7. Im Plattdeutschen ist die doppelte Verneinung als Verstärkung durchaus einzusetzen: "Ek hebb kein'n Minsch'n nich sein." Dennoch muss man sagen, dass nur in Einzelfällen davon Gebrauch gemacht wird.
8. Für den Plattdeutschen ist auch der Durativ durchaus üblich. Man sagt statt "Hemman mait", Hemman is bi'n mai'n.", was insbesondere die Dauer der Tätigkeit deutlich macht.
9. Als besonderes Betonungsmittel wird Wort doun, tun eingesetzt. Es heißt nicht "He abait nich." sondern eher: "Abait'n, dait he nich." oder "Wenn he sowat seig'n dait, lüch he."
10. Das adjektivisch gebrauchte Partizip Perfekt lässt jedem Plattdeutschen das Blut in den Adern gerinnen: "De oprüümte Stuub'n" oder "De tosloot'n Döör". Geht nicht, geht gar nicht!
11. Bei einigen Adverben, die auf v enden, ändert sich bei adjektivischem Einsatz das v in b. "Dat Bild hangt scheiv" aber "'Dat scheibe Bild". Oder "De Sei is deivf" aber "De deibe Sei"
12. Grundsätzlich wird das r gerollt, wie man das aus dem Englischen kennt.
13. In einigen Fällen verwendet der Plattdeutsche nicht den Akkusativ, sondern den Dativ: "Hau em!" oder "Kiik er mool an."
14. Um Vergangenes abzubilden, benutzt der Plattdeutsche in der Regel das Perfekt. Das Imperfekt findet hingegen selten Anwendung. Das liegt zum Teil daran, dass Gegenwart und Vergangenheit häufig völlig gleichlautend sind und eine genaue zeitliche Bestimmung nur durch einen Zusatz möglich wird. Beispiel: "Ek abait." Um zweifelsfrei die Vergangenheit anzusprechen, ist ein Zusatz erforderlich: "Ek abait gistern."
15. Wörter, die mit den Konsonanten m oder n enden, lässt man in der Regel nachklingen. Ich habe diese Aussprache dadurch verdeutlicht, dass ich dem jeweiligen Wort ein Apostroph und ein n angehängt habe.

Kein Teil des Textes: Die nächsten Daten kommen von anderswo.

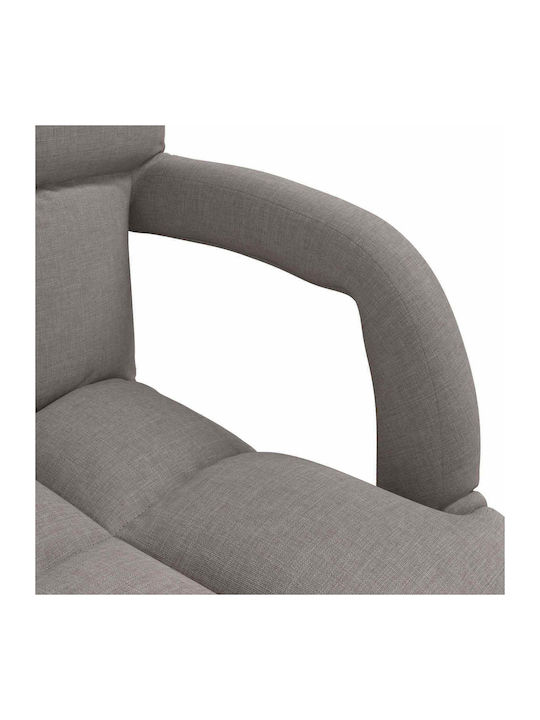 Multifunctional Bean Bag Chair Taupe 58x62x58cm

16. Bei vielen plattdeutschen Wörtern sind Singular und Plural gleichlautend. Will man also deulich machen, dass die Einzahl gemeint ist, muss man einen entsprechenden Zusatz machen. Beispiel: "ein Handsch'n" - ein Handschuh
17. Der Plattdeutsche wehrt sich mit Händen und Füßen gegen die heute übliche Substantivierung der Sprache. Er bevorzugt nach wie vor, Verben einzusetzen: nicht "min Beleevnis", sondern "wat ek beleevt hebb".

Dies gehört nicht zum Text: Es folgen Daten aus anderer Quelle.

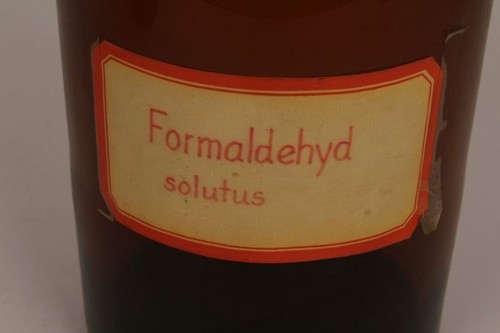 Apotheker Flasche Medizin Glas braun Formaldehyd solutus antik Deckelflasche  - Afbeelding 10 van 11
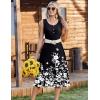 Zeagoo Women Beach Summer Midi Dress 2026 Sleeveless Casual Beachy Sundress Button Down Loose Tank Dresses with Pockets(Flowers-black)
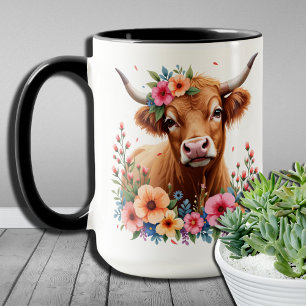 Mug Conceptions de charme des Highlands Vache des High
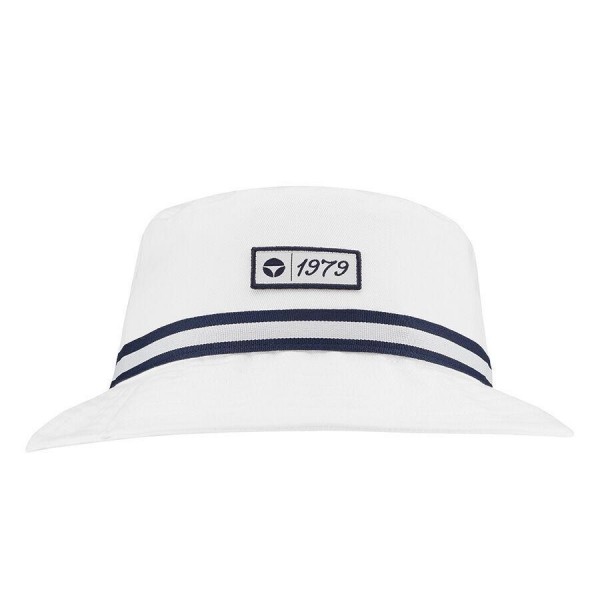 TaylorMade Vintage Twill Bucket Hat White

18. Der Ungeübte sollte wissen, dass es nicht ratsam ist, plattdeutsche Begriffe 1:1 zu übersetzen. Das gilt zum Beispiel für die Kosebezeichnung für ein Kleinkind: "Schiitbüüd'l".
19. Der Satzbau ist im Plattdeutschen häufig anders als im Hochdeutschen. Beispiel: Dafür kann ich nichts. "Dor kann ek nix vo". Übersetzt man diesen Satz wortgetreu wieder zurück, hat man einen Satz, den man als bremisch bezeichnet.
20. Jede Region hat nicht nur einen eigenen Wortschatz, sondern gleiche Begriffe haben häufig eine eine andere Bedeutung. Beispiel: eine Pliffkatt ist nach Sass ein Angeber, in meiner Region eine Petze, Schandool ist nach Sass ein Skandal, in meiner Region ein anderes Wort für Krach.